The Lyrics of The Innocence Mission

Music Features The Innocence Mission

I can’t remember which philosopher observed that life is a series of back and forth movements, from positions of risk to positions of relative safety. This is true not only on an hour-to-hour level—driving a car, then sleeping in a cozy bed—but in a larger sense. We go on life journeys, personal odysseys, and return home to regroup. In this way, we grow, we become wiser; as T.S. Eliot said, we “arrive where we started / And know the place for the first time.” The Innocence Mission is a band for the home half of the cycle.

In the summer of 1995, after working and going to school in Manhattan for two years, my wife and I moved back to St. Louis—my hometown. I was entering the seminary. Life seemed to stop in its tracks, because we had been moving, bustling, trying, stretching, accommodating, and now we were back on familiar ground with a stack of theology textbooks and a course schedule card. We lived with two cats in a carpeted apartment. On Sunday afternoon you might hear the dryer clicking, and occasionally the bells at St. Roch would chime.

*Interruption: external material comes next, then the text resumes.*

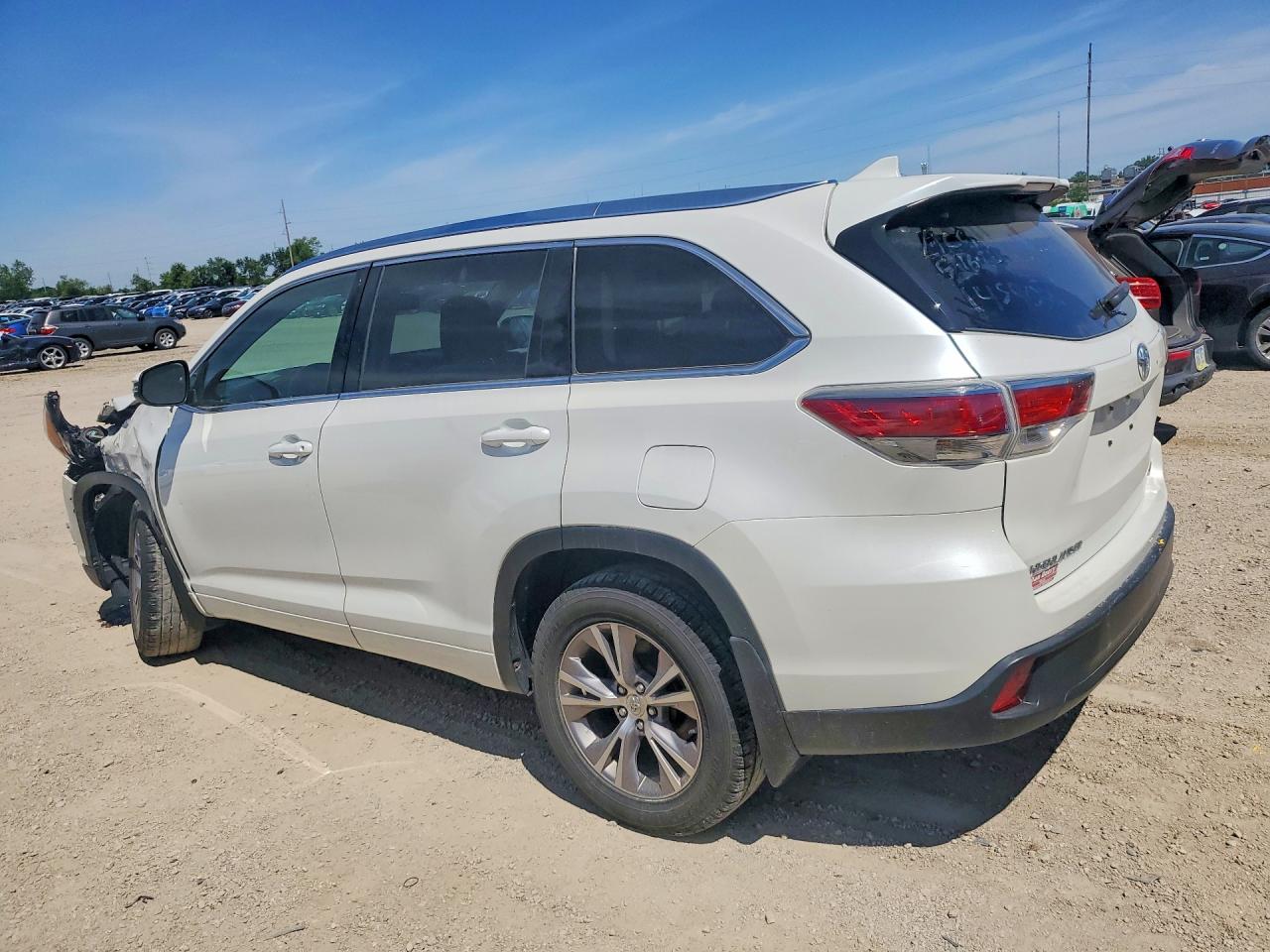 2015 Toyota Highlander Xle White vin: 5TDJKRFH0FS145903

Nothing else.

For me, it was the perfect season of life in which to discover The Innocence Mission’s Glow—Karen Peris’ shimmering vocals describing, in lucid fragments, what it means to live at home among family and friends. “Hearing your voice in the blue light, / calming people in the house, / traveling upstairs — / good to be there / now, right now,” begins the first song on the album, “Keeping Awake.” It goes on to describe voices floating around the house, plans being made to go on a picnic, a sister running into her room. The speaker seems to be moving in and out of a dream-state as she says, “Oh I’m near to sleeping, I’m keeping awake … // In the house / In the heart of paper vines.”

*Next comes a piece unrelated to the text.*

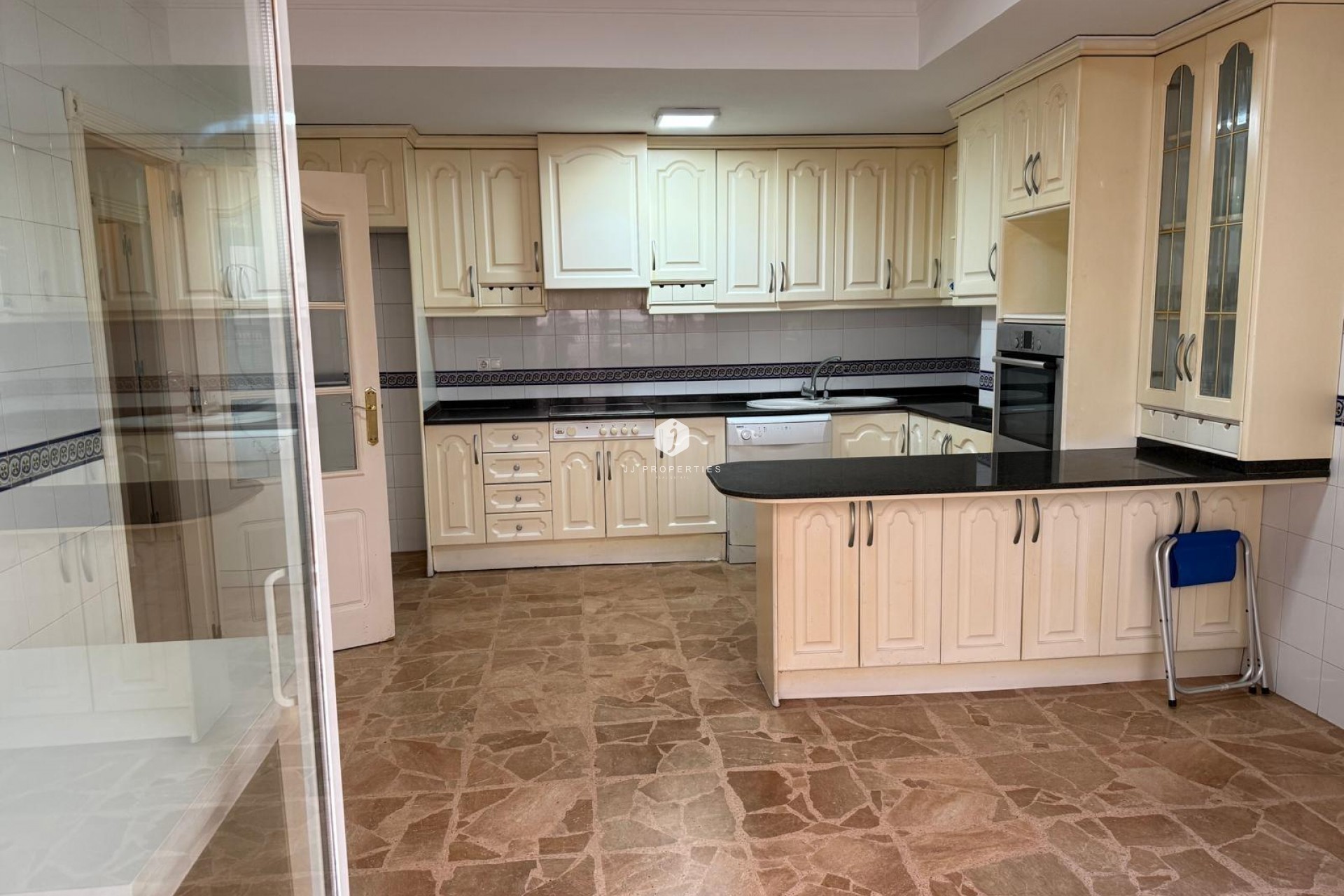 Z drugiej ręki - Mieszkanie w bloku -
Torrevieja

“Bright as Yellow,” explores the integral role of personal relationship to the joy of being at home. “And you live life with your arms reached out. / Eye to eye when speaking. / Enter rooms with great joy shouts, / happy to be meeting.” The speaker wants to be bright and warm, not thorny or ostentatious. But in these lyrics you can see that Peris’ lyrical style is quite abstract. She takes the joy of home out of its comfortable narrative, casting it instead in small shiny phrases, the kinds of words that might run through your head when you’re drifting off … nearly napping.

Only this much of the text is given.